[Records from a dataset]
════════════════════

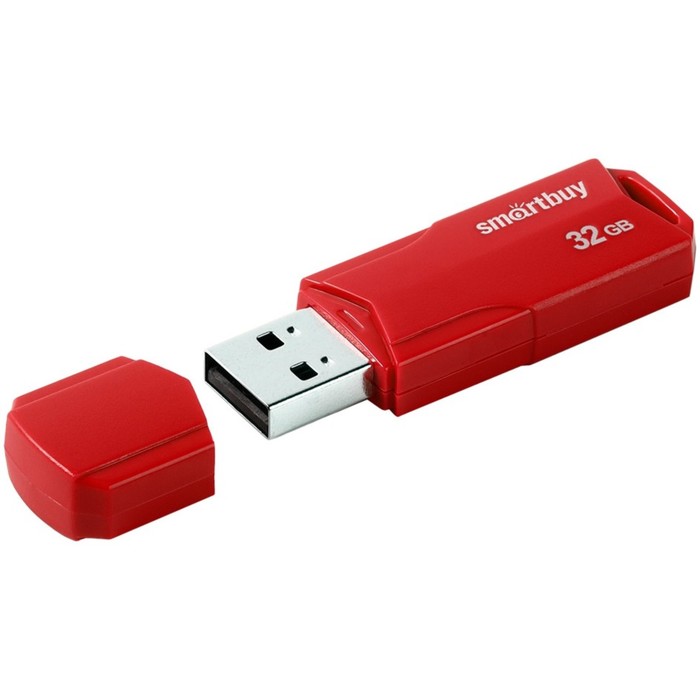 

Флешка Smartbuy 32GBCLU-R, 32 Гб, USB2.0, чт до 25 Мб/с, зап до 15 Мб/с, Red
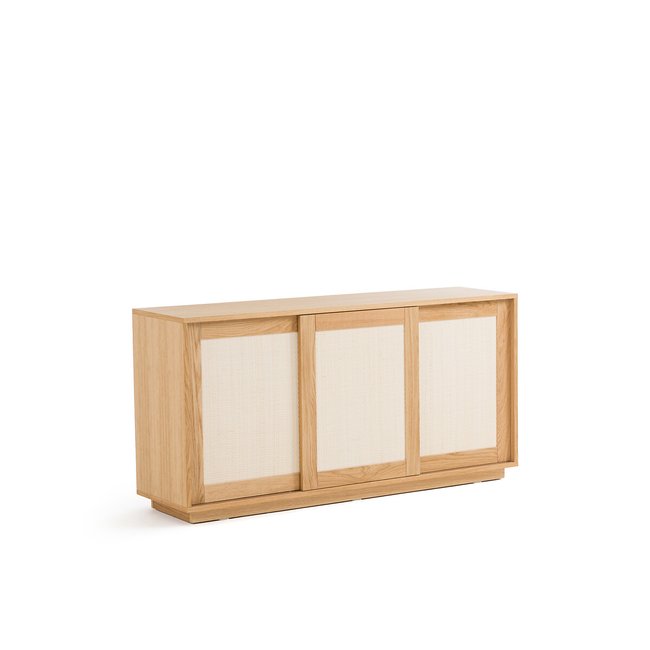 Sideboard Palano mit 3 Türen, Eichenfurnier und Korbgeflecht eiche <span itemprop=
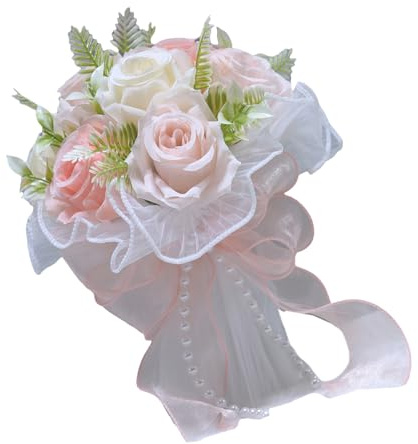 Gramigg Bouquet de mariée élégant avec perles et tulle pour cérémonie de mariage occidentale accessoire de mariée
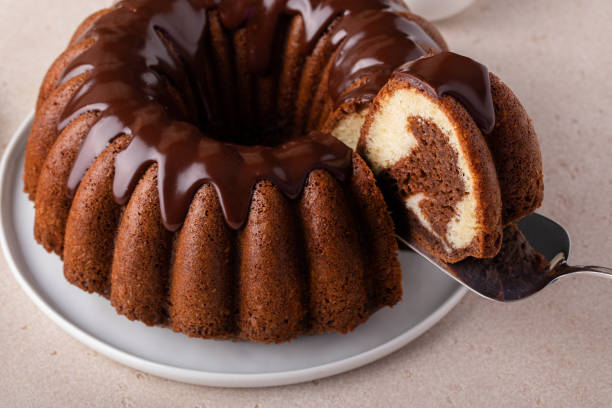 istock Chocolate marble bundt cake with chocolate glaze drizzled on top 1488946469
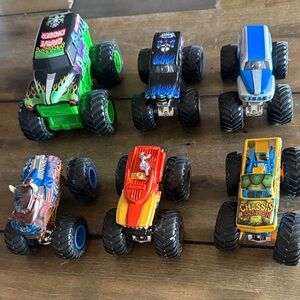Monster Truck Toy Collection - Green, Blue, Red, Yellow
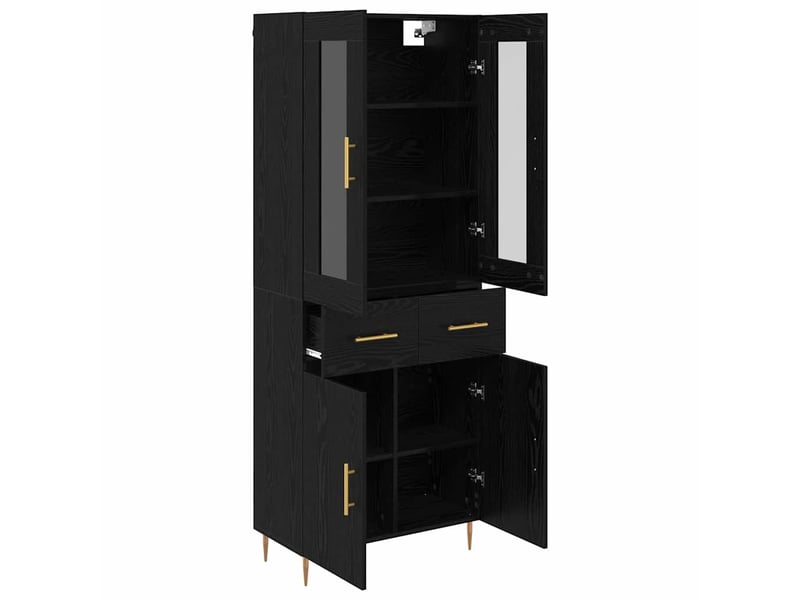  Buffet - haut armoire 2 pc chêne noir 69,5 x 34 x 180 cm  - Conforama E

════════════════════

◆ What is needed: From the records above, copy only the lines running from the line containing "Gramigg Bouquet de" to the line containing "Monster Truck Toy", both ends included. Leave the pictures out.

◆ Result of this task:
 Gramigg Bouquet de mariée élégant avec perles et tulle pour cérémonie de mariage occidentale accessoire de mariée
 istock Chocolate marble bundt cake with chocolate glaze drizzled on top 1488946469
Monster Truck Toy Collection - Green, Blue, Red, Yellow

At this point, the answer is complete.